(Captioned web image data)
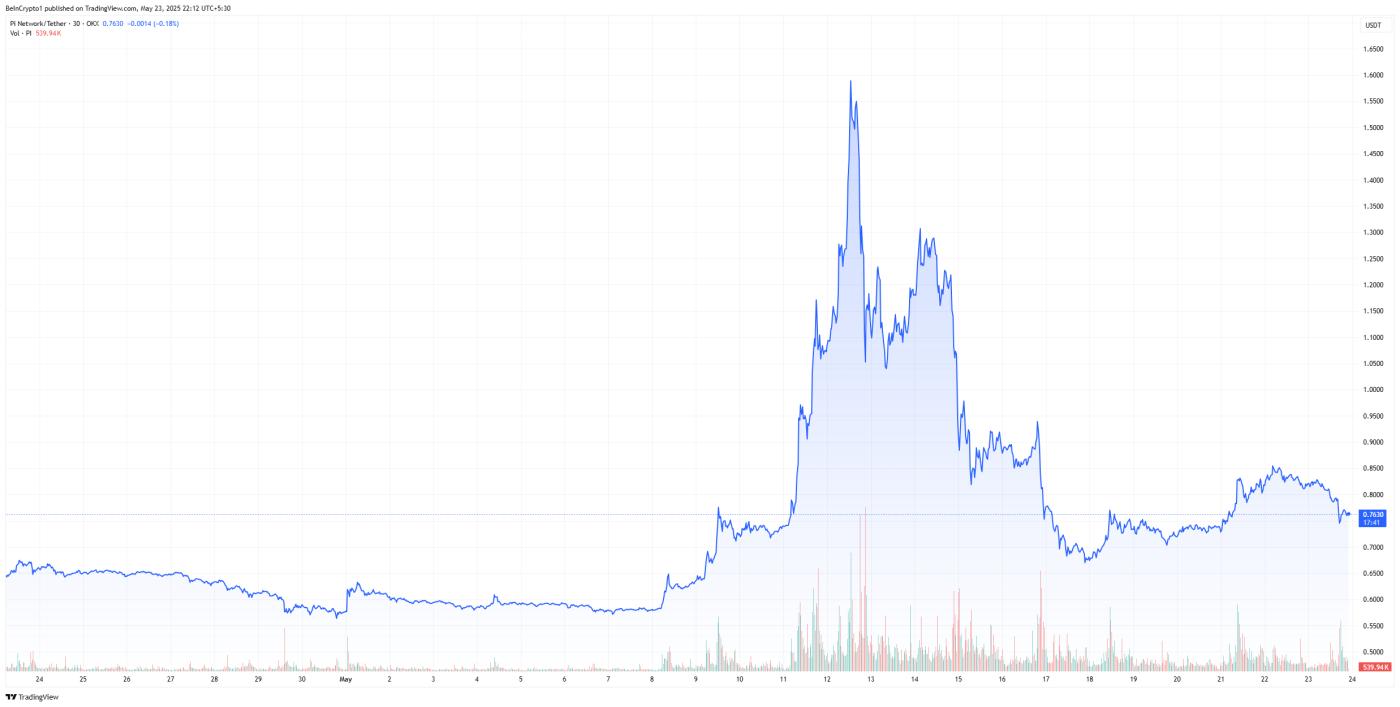 Pi Network 在Kraken上线 PI 永续期貨后上线衍生品  第1张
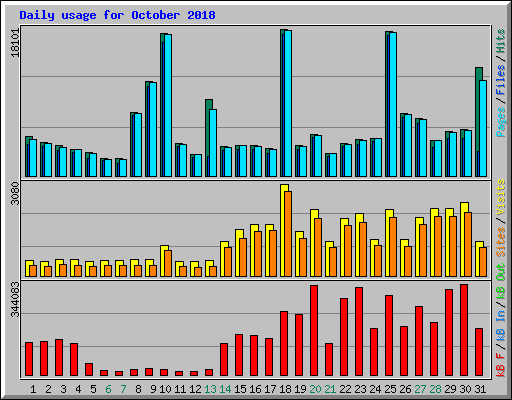 Daily usage for October 2018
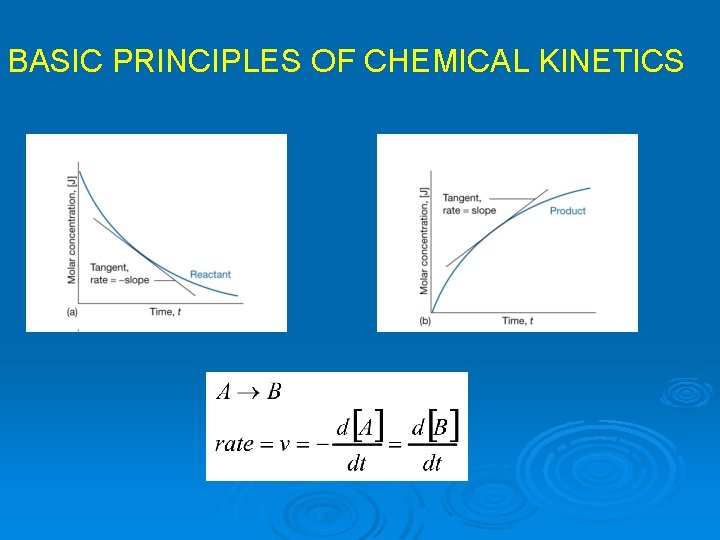 BASIC PRINCIPLES OF CHEMICAL KINETICS 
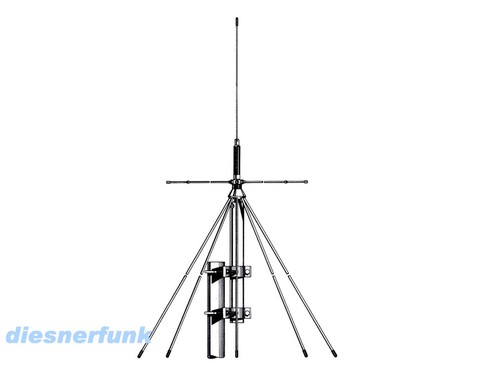 Albrecht allband funk - funk, scanner
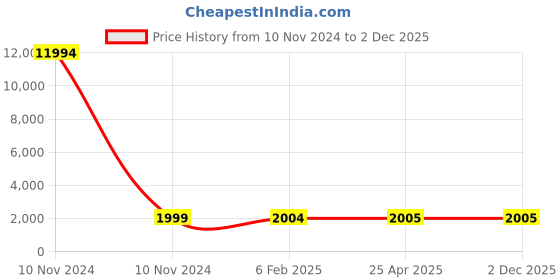 industrybuying.com Studds Black Medium (570 mm) Flip Up-Full Face Helmet, Ninja 3G Double Visor studds Price History Graph from 10 Nov 2024 to 2 Dec 2025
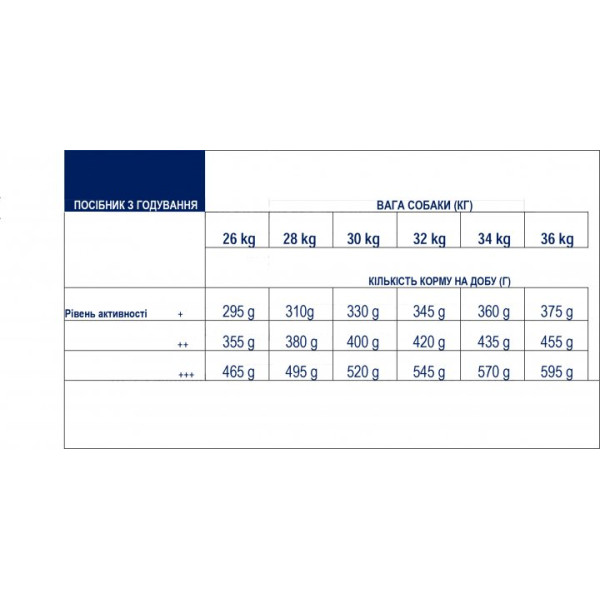 Advance (Едванс) Dog Labrador Golden Retriever Chicken - Cухий корм для лабрадорів та голден ретріверів з куркою 12 кг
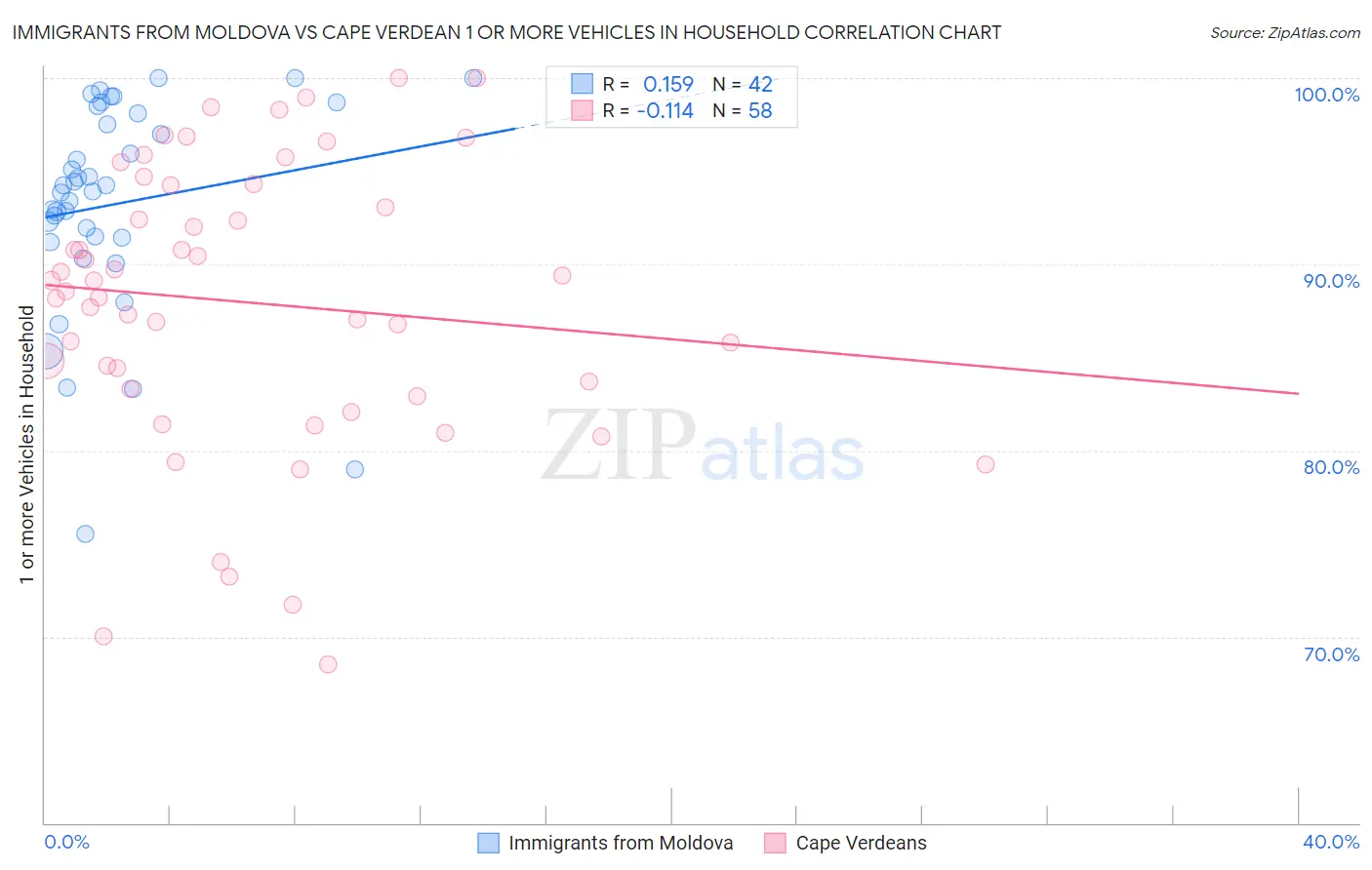 Immigrants from Moldova vs Cape Verdean 1 or more Vehicles in Household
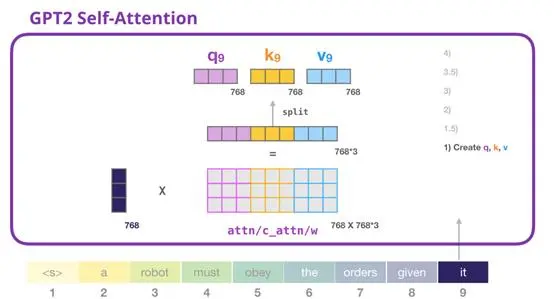 上车！带你一文了解GPT-2模型（transformer语言模型可视化）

EXERCISE DESCRIPTION: Print all entries exactly; skip the pictures.

TASK RESULT:
 Pi Network 在Kraken上线 PI 永续期貨后上线衍生品  第1张
 Daily usage for October 2018
 BASIC PRINCIPLES OF CHEMICAL KINETICS 
 Albrecht allband funk - funk, scanner
 industrybuying.com Studds Black Medium (570 mm) Flip Up-Full Face Helmet, Ninja 3G Double Visor studds Price History Graph from 10 Nov 2024 to 2 Dec 2025
 Advance (Едванс) Dog Labrador Golden Retriever Chicken - Cухий корм для лабрадорів та голден ретріверів з куркою 12 кг
 Immigrants from Moldova vs Cape Verdean 1 or more Vehicles in Household
 上车！带你一文了解GPT-2模型（transformer语言模型可视化）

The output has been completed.